[[ Given material, beginning ]]
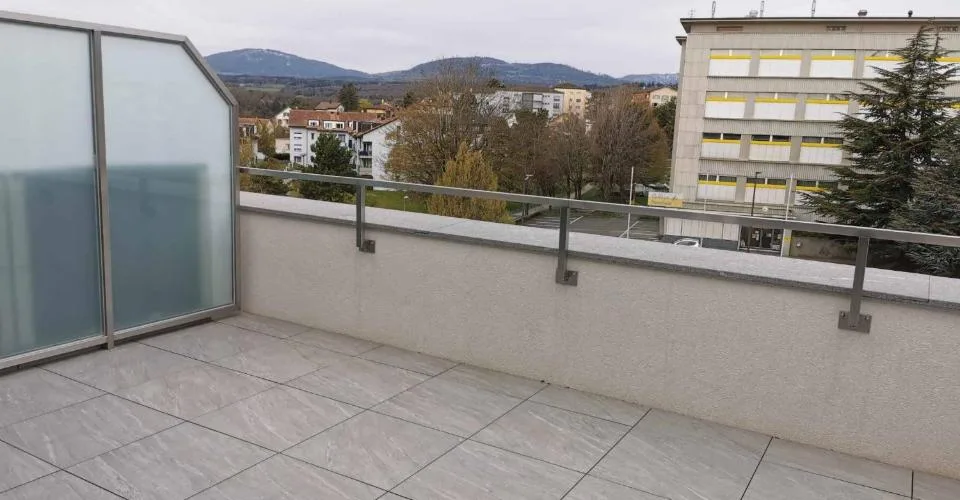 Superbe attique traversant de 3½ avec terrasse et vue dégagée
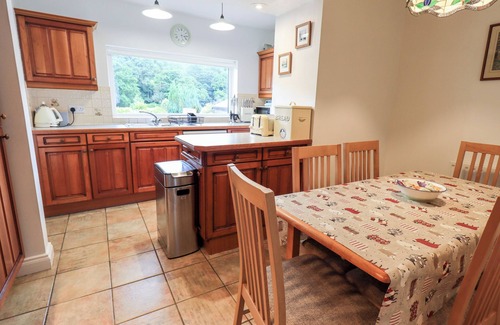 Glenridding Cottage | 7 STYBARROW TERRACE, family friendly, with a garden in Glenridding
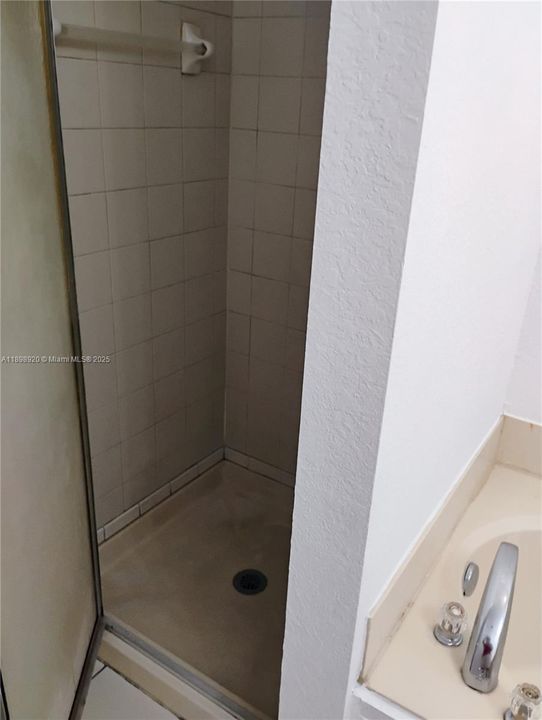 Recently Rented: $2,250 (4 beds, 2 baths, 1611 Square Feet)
[[ Given material, end ]]
- Task statement -
Render the data above verbatim and without pictures.

- Answer space -
 Superbe attique traversant de 3½ avec terrasse et vue dégagée
 Glenridding Cottage | 7 STYBARROW TERRACE, family friendly, with a garden in Glenridding
 Recently Rented: $2,250 (4 beds, 2 baths, 1611 Square Feet)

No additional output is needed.